Romania’s Chamber of Deputies has endorsed the bill that regulates the fiscal regime for the offshore gas operations in the country’s Black Sea perimeters under accelerated procedures on July 9, hotnews.ro reported.
The bill disappointed investors, who expected a milder taxation regime. But while the taxation regime is tough compared to the softer terms reportedly negotiated between the authorities and foreign oil companies, and compared to the draft circulated previously, it not necessarily severe in absolute terms. In terms of public finances, the move is a visible improvement.
The bill was approved with 175 votes against 30, while 30 deputies abstained from voting. The opposition parties complained about the lack of transparency in debating the bill, which was revealed last week, only to be dramatically amended by the expert committees only a couple of hours before the final vote.

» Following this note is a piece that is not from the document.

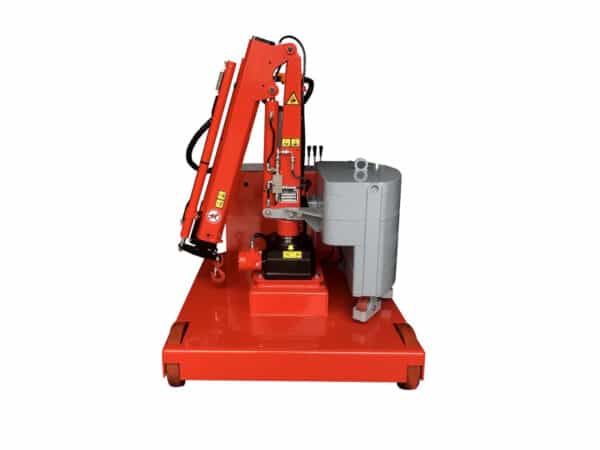 Electric swivel crane with double boom, AGM batteries and warning lights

The draft that was officially unveiled last week by the ruling coalition prompted criticism from the opposition and civic activists, who claimed excessive benefits had been allowed to the oil companies. Under another key provision of the law as endorsed on July 9, the natural gas producers are required to trade transparently, on the local wholesale markets, at least 50% of the natural gas extracted from their offshore perimeters.

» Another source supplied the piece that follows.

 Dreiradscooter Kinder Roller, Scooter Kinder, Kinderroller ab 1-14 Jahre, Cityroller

The bill levies special net revenue tax rates of 30%-50% (in addition to the regular corporate profit taxation) depending on the price charged for the natural gas and limited deductibility of the investments in the upstream operations for the calculation of the net revenues subject to the special tax.
While this prompted concern among investors, the net revenue taxation provisions are a softer version of the same taxes levied on onshore operations where the tax rate is flat at 60%. But the oil companies expected no such taxation at all. And indeed, the special tax on supplementary revenues was waived under the previous version of the bill unveiled last week, which prompted civic activists’ protests.
The major oil companies that have explored perimeters in Romania’s offshore perimeters said, after reading the final form of the bill, that making a final investment decision to go further with the production stage became more difficult.
“Following the change in the tax regime, it will become more difficult for each investor to take an investment decision,” said Richard Tusker, head of ExxonMobil in Romania.
“After what we have seen today, it is tougher for us to take an investment decision in favour of Romania,” Christina Verchere, CEO of OMV Petrom confirmed. OMV Petrom and ExxonMobil operate the largest perimeter in Romania’s Black Sea, evaluated at 48-84bn cubic metres (cm) of natural gas, which they expect to generate 6bn cm of natural gas per year.
“I can firmly state, conferring the text that we have seen, that we are in a much more difficult position than we were two years ago [when we started assessing the conditions for further investments],” said Mark Beacom, the general manager of Black Sea Oil & Gas, controlled by the US fund Carlyle.